8th April - more animation experiments
Continuing with the plasticine animation experiments… (more text underneath videos)
I’ve been thinking about thresholds and how the places (or gaps) where two things meet are often considered to be vulnerable to attracting evil spirits. They can also be spaces where magical transformation can occur. Demons can enter our world through liminal spaces, like keyholes or openings or mirrors. In some cultures mirrors are covered during funerals to prevent other entities from crossing over via the mirror into our world.
Monkeys and other non-human primates can be seen as creatures on a threshold - between ourselves and the rest of the animal kingdom. Often appearing in the margins of medieval manuscripts mimicking humans, they are often depicted as a debased version of our own imitations of the divine. Lucifer was seen as the “ape of God”, imitating God as apes apparently imitate humans.
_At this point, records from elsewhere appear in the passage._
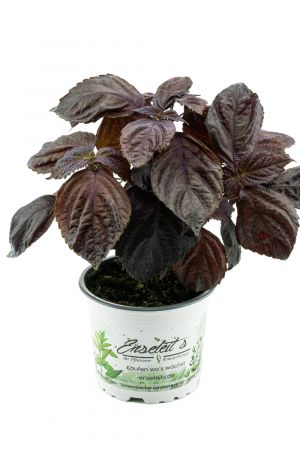 Japanisches Basilikum Shiso, Perilla (Perilla frutescens), Basilikum Kräuter Pflanze 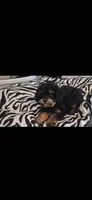 Mateo  tea cup size ckc , a male Cavapoo and Poodle - Toy  for sale in Garyville, LA – 3 of 9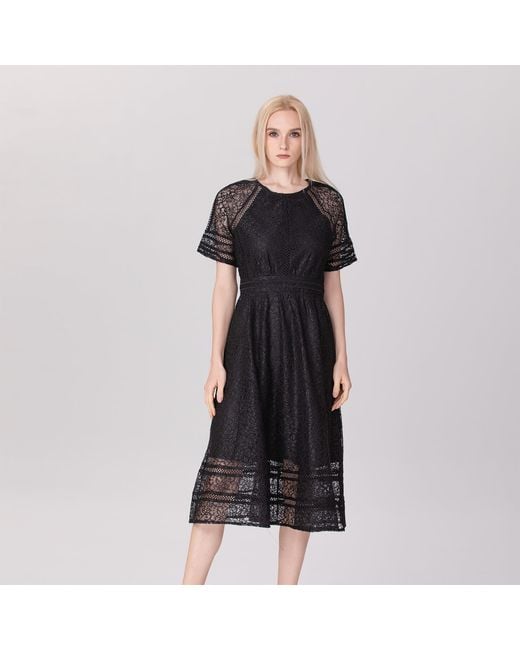 Smart and Joy Black All-Lace Flared Dress And Trims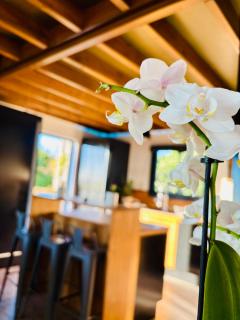 Villa Tamara les hauts - 6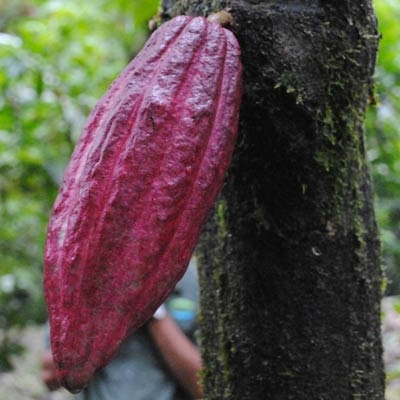 Cacao pod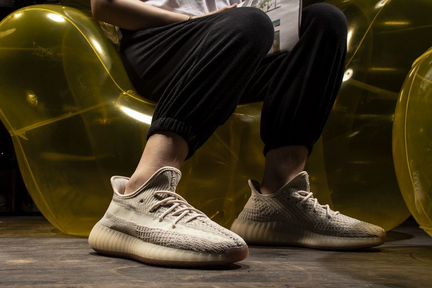 Adidas Yeezy Boost 350 v.2 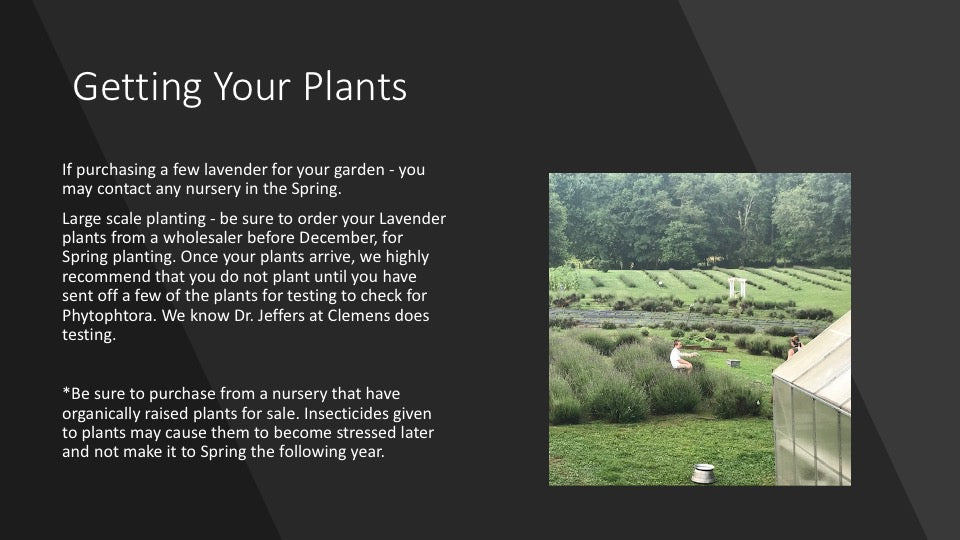 July: Too Hot to Plant Lavender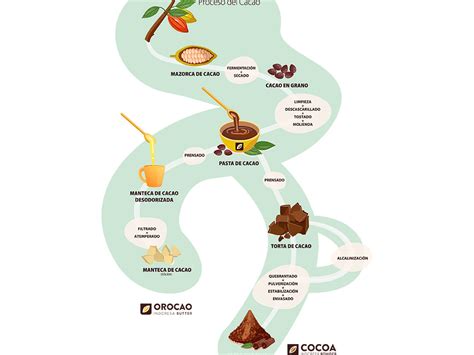Proceso de extracción de la manteca de cacao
Seeming to challenge our ‘special status’ and dominion over the rest of the natural world, the monkey was seen as problematic to the medieval mind.
I’ve been playing with plasticene, starting to try to explore some of these thoughts about thresholds.
Being on a threshold themselves, I’m wanting to explore the medieval idea of monkeys being in association historically with the devil and sin. Medieval bestiaries moralised animals, with each animal being considered to have been given to us by God as an allegorical tool to teach us a moral lesson.
Even now, it seems we still moralise nature and our relationship with non-human primates is still complex. The portrayal of monkeys and apes in the media (whether it is “cute” videos of pet monkeys dressed in human clothes on Instagram, stories of chimp warfare or recent news stories about “vengeful” monkeys killing puppies) might demonstrate this complex relationship.
I am curious about the extent at which this may have helped contribute to the fragile conservation status of non-human primates (more than 60% of primate species are threatened with extinction).